## WHAT YOU NEED TO DO
Word for word, set down the records and skip each picture.

## RECORDS PROVIDED
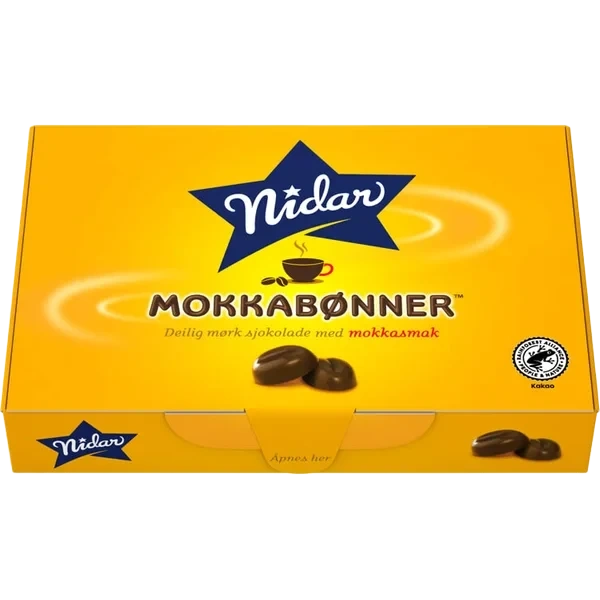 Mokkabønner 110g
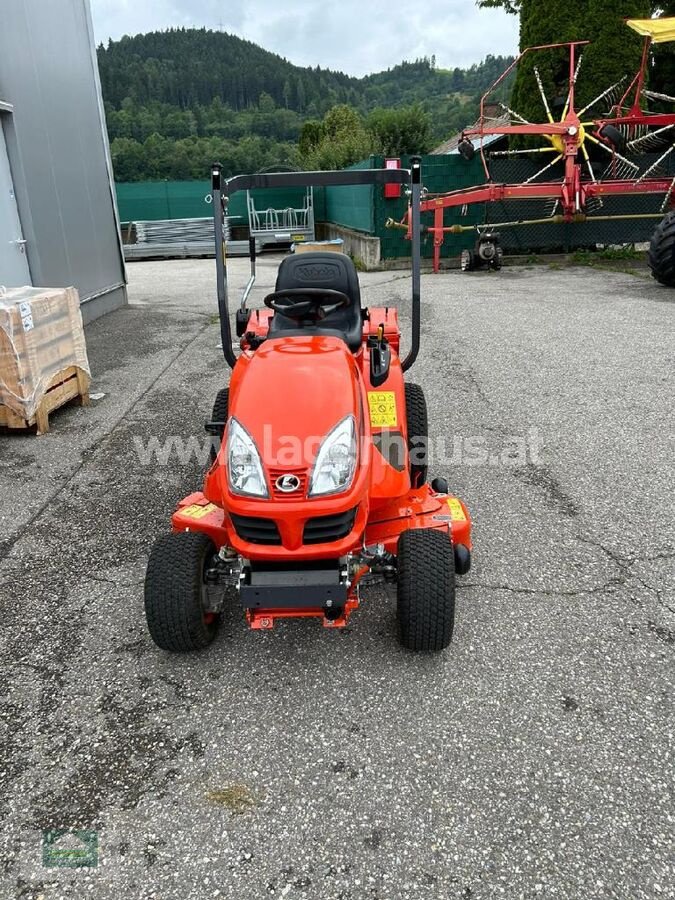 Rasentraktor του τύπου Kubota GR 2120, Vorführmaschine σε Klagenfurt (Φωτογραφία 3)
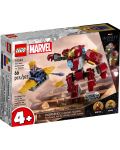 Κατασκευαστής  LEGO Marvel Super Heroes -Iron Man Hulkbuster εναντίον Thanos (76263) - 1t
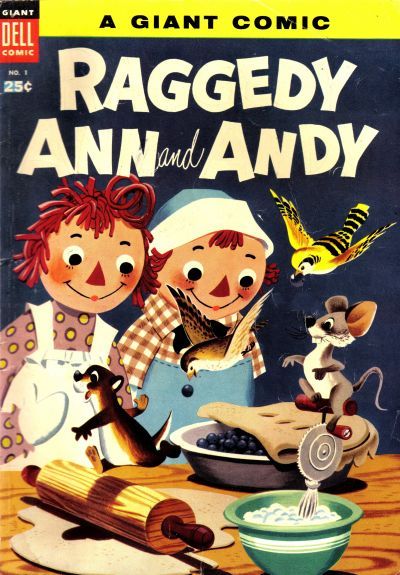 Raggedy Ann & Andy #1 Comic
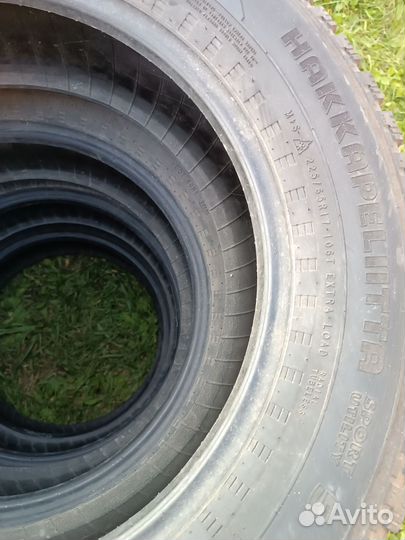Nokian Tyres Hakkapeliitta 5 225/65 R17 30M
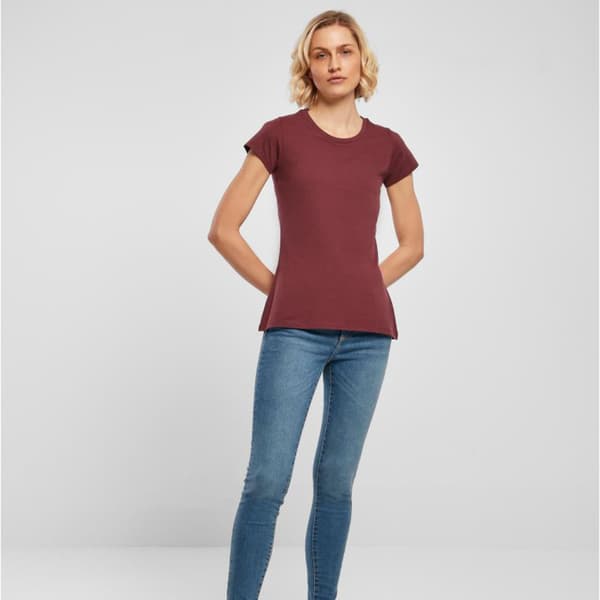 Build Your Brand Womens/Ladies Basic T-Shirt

## TASK OUTPUT
 Mokkabønner 110g
 Rasentraktor του τύπου Kubota GR 2120, Vorführmaschine σε Klagenfurt (Φωτογραφία 3)
 Κατασκευαστής  LEGO Marvel Super Heroes -Iron Man Hulkbuster εναντίον Thanos (76263) - 1t
 Raggedy Ann & Andy #1 Comic
Nokian Tyres Hakkapeliitta 5 225/65 R17 30M
 Build Your Brand Womens/Ladies Basic T-Shirt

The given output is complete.